User environment 'env_1' created.
An empty environment 'env_1' is created.
Created environment 'env_1' with specified requirements.
Environment Name: env_1
Base Environment: python_3.9.13
Description: Desc for test env 1
Creating environment 'env_2'...
User environment 'env_2' created.
An empty environment 'env_2' is created.
Installing files in environment 'env_2'...
File 'load_example_data.py' installed successfully in the remote user environment 'env_2'.
File 'mapper.py' installed successfully in the remote user environment 'env_2'.
File 'mapper.R' installed successfully in the remote user environment 'env_2'.
File 'mapper_replace.py' installed successfully in the remote user environment 'env_2'.
File installation in environment 'env_2' - Completed.

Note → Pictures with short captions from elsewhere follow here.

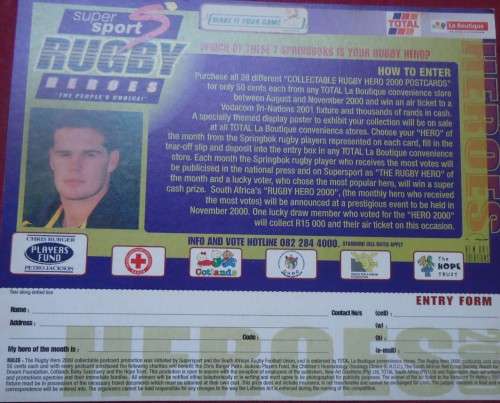 SPRINGBOK RUGBY -RASSIE ERASMUS - 2000 COMPETITION CARD SPONSORED BY SUPERSPORT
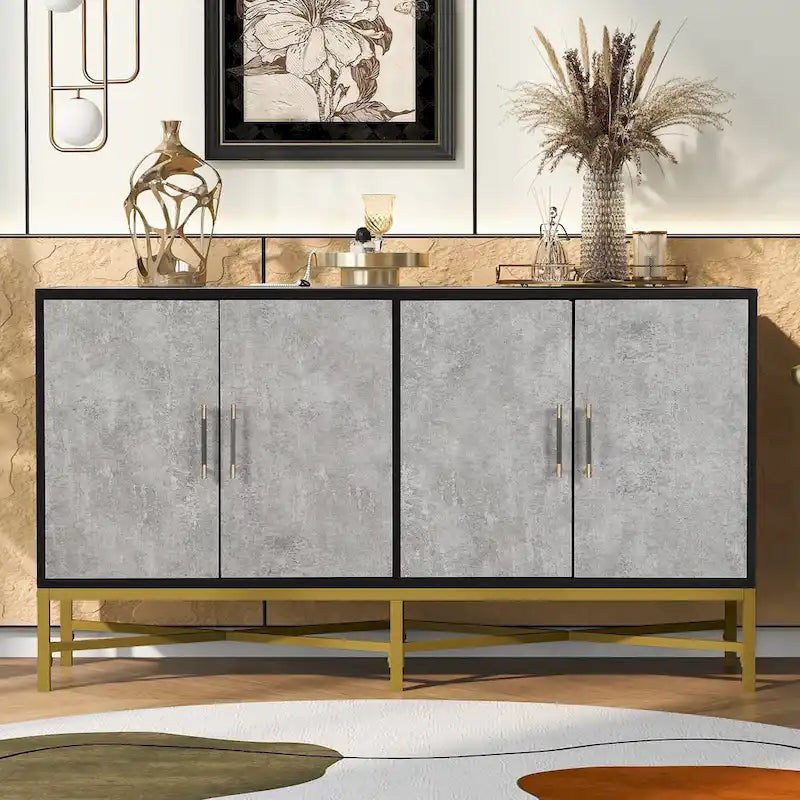 Sideboard Cabinet with Metal Handles, Entryway Storage Cabinets with Shelves, Buffet Cabinet with Metal Cross Leg
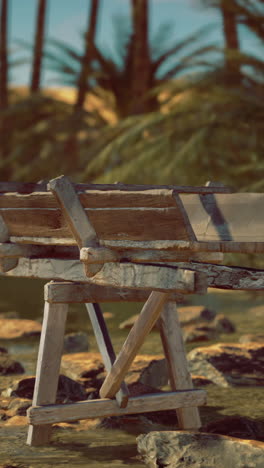 wooden bench near a tranquil water body surrounded by palms at sunset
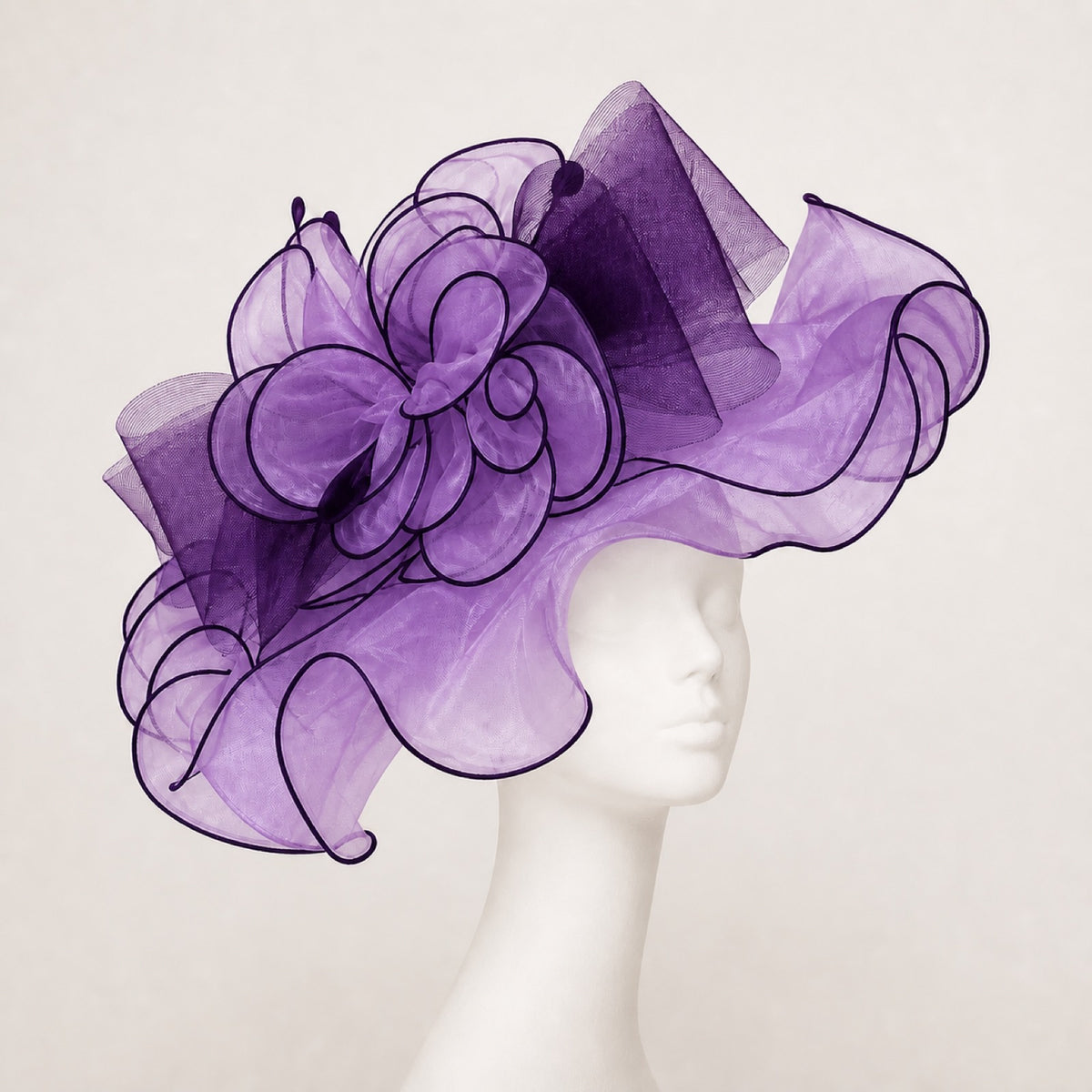 Odette Ruffled Organza Occasion Hat in purple
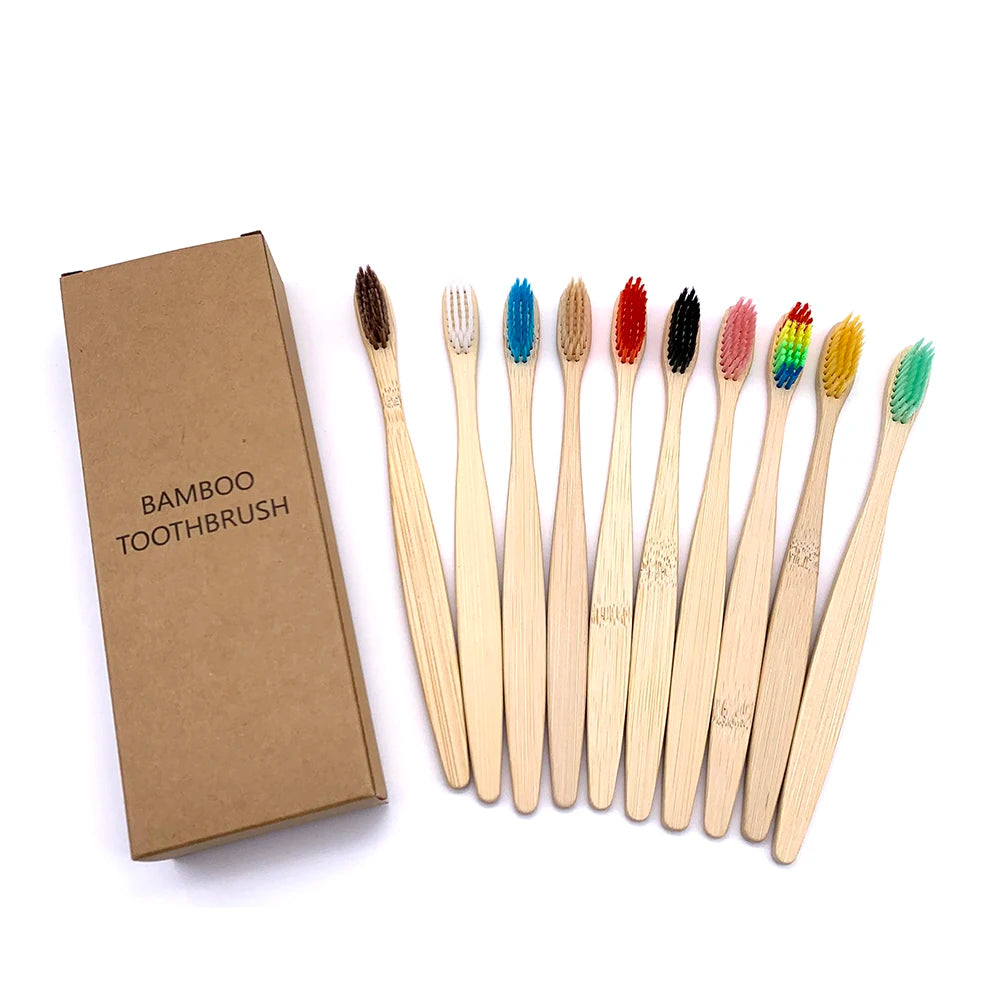 Biodegradable Bamboo Toothbrush Set 10PCS Colorful Bristles Eco-Friendly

Created environment 'env_2' with specified requirements.
Environment Name: env_2
Base Environment: r_4.1
Description: This env 'env_2' is created with base env 'r_4.1'.

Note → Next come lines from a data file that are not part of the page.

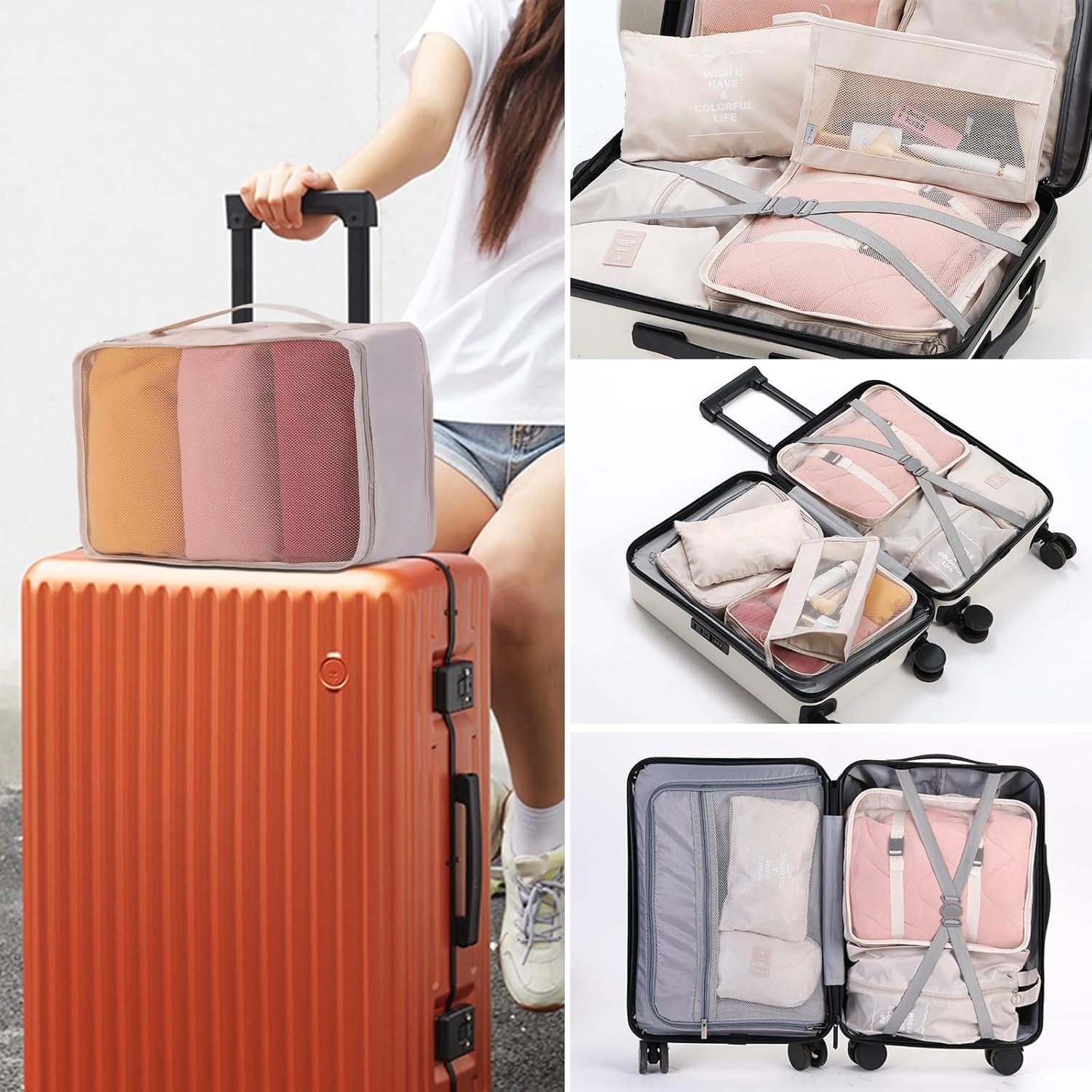 Bolsas Organizadoras de Equipaje Aovdy 9 Piezas Beige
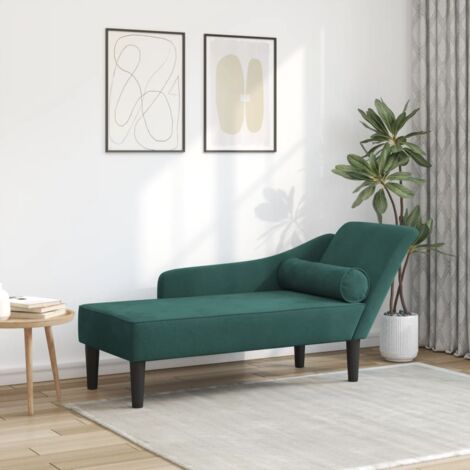 Vidaxl – Méridienne chaise longue avec coussins en velours vert foncé – Structure en bois robuste – Assise en mousse haute résilience – Confort optimal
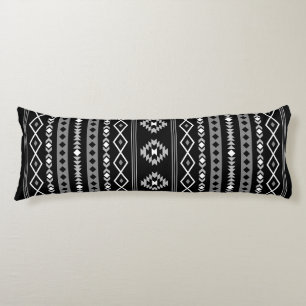 Aztec White Grått Black Mixed Motifs V Mönster Kroppskudde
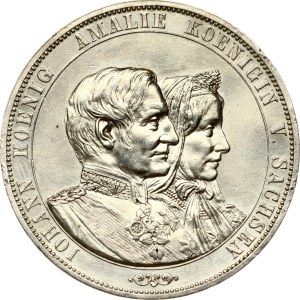 Germany Saxony 2 Taler 1872 B Golden Wedding Anniversary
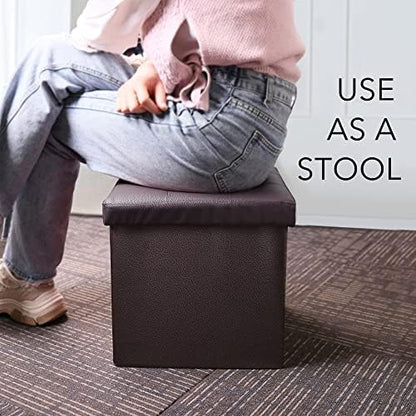 LotFancy Storage Ottoman Cube, Brown Foot Stool Ottoman,13x12x12 inch Square Ottoman with Lid, Faux Leather Seat for Dorm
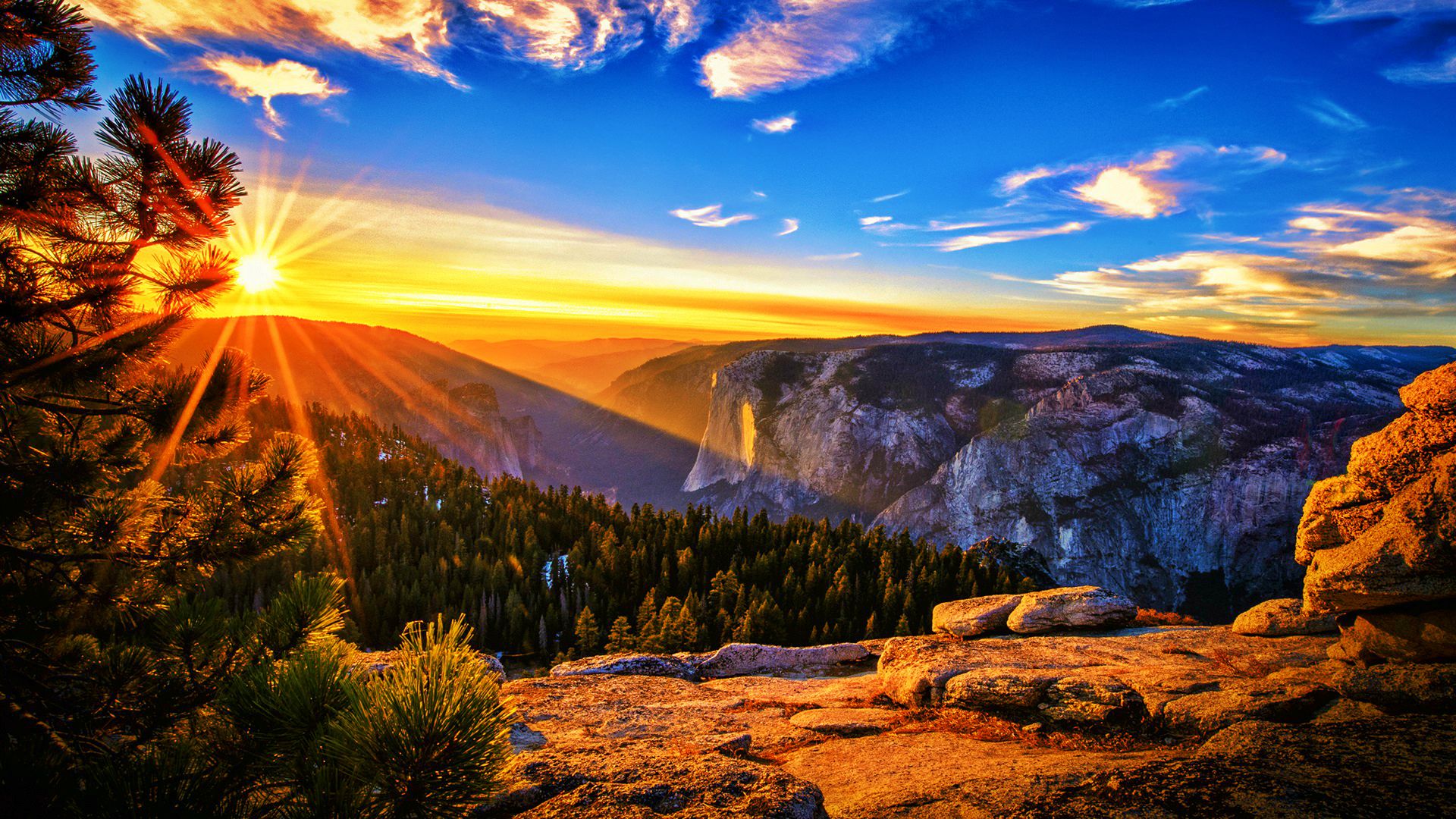 Mountain Sunrise Desktop Wallpaper HD For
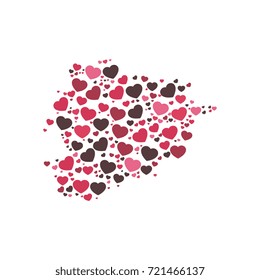map of andorra filled with hearts of different sizes and colors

############ Files installed in User Environment ############
File Size Timestamp
0 mapper.py 547 2023-11-07T10:14:06Z
1 mapper.R 613 2023-11-07T10:14:09Z
2 load_example_data.py 14158 2023-11-07T10:14:03Z
3 mapper_replace.py 552 2023-11-07T10:14:12Z
############ Libraries installed in User Environment ############
name version
0 KernSmooth 2.23-20
1 MASS 7.3-55
2 Matrix 1.4-0
3 base 4.1.3
4 boot 1.3-28
5 class 7.3-20
6 cluster 2.1.2
7 codetools 0.2-18
8 compiler 4.1.3
9 datasets 4.1.3
10 foreign 0.8-82
11 grDevices 4.1.3
12 graphics 4.1.3
13 grid 4.1.3
14 lattice 0.20-45
15 methods 4.1.3
16 mgcv 1.8-39
17 nlme 3.1-155
18 nnet 7.3-17
19 parallel 4.1.3
20 remotes 2.4.2
21 rpart 4.1.16
22 spatial 7.3-15
23 splines 4.1.3
24 stats 4.1.3
25 stats4 4.1.3
26 survival 3.2-13
27 tcltk 4.1.3
28 tools 4.1.3
29 utils 4.1.3
# Example 4: Create a Conda Python 3.8 environment with given name and
# description in the Vantage.
>>> fraud_detection_env = create_env('Fraud_detection_conda',
... 'python_3.8',
... 'Fraud detection through time matching',
conda_env=True)
Conda environment creation initiated
User environment 'Fraud_detection_conda' created.